Improve occupational productivity.
Making the patient have a respectful attitude towards the privacy, rights, and property of others.
Fulfilling the expectations and being responsible in terms of sexual relationships and avoiding substance abuse.
Treatment with Medicine
The main part of the treatment of antisocial personality disorder is psychological interventions. However, the drugs are sometimes necessary to management aggression and impulsivity. The need for medicine also becomes necessary when psychological interventions are not working. For this purpose, a low dose of antipsychotic drugs or mood stabilizers is prescribed. Benzodiazepines are avoided as maximum as possible.
A multifaceted approach integrating the concepts of various psychological therapies is adopted for the effective treatment of ASPD. Since it is a personality disorder that has a pervasive pattern so the duration of treatment is a little longer that is 12-24 months of weekly individual sessions. Following is the brief summary of the main targets of psychological interventions for ASPD:
The cognitive focus for antisocial personality disorders is primarily focused on identifying and modifying the negative thoughts that underlie aggressive acts and criminal lifestyles.
The behavioral focus is aimed at bringing the behavioral change in self-damaging behaviors.
Problem-solving training is employed to improve interpersonal problem-solving skills. These interventions are employed to make up for the deficits that the individual has in behaving and encountering situations. This is done by providing direct instruction, modeling, and opportunities for rehearsal with the therapist.
The antisocial individuals lack the ability to effectively process their emotions, due to which the treatment also incorporates the emotional regulation strategies.
The involvement of the significant other family members is also crucial as through this the families are informed about the nature of the disorder and also to build tolerance for the affect and effect of patient’s behaviors are also addressed.
Relapse prevention planning is directed at enabling the patient to identify the precursors of his or her unhelpful behaviors and if they will occur then adopting the effective strategy taught in the therapeutic sessions.
Two Major Hindrances in the Process of Recovery
The resistance of patients with ASPD to change and seek treatment is been a major challenge as it hinders the course of improvement.

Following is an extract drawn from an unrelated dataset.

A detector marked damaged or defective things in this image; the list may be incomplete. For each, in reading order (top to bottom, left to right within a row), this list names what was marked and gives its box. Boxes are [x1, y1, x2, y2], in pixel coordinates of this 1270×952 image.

Difficulty forming a strong therapeutic relationship is another challenge since the patients with ASPD are indifferent and are not empathetic so the chance of therapist burnout is very likely.
Mr. X, 28 years old male, referred to a psychiatrist, after getting into a fight with one of his friends over ten rupees bet. He was brutally beaten by the policemen. E.A. was previously being jailed twice before for cheating cases and for assaulting one friend. When being interrogated of his action he confessed that he has beaten the other inmate who refused to pay money. He wanted to show his power and there was no guilt for his action. Family history showed his neglected childhood, father left home when he was 6 years of age and his mother had an extramarital affair with a man in her neighborhood. He didn’t have a good educational background as he failed twice and then left school. He had also indulged in smoking and drinking alcohol at an early age. After a detailed evaluation, he is diagnosed with suffering from an antisocial personality disorder. He entered in a comprehensive psychological intervention program.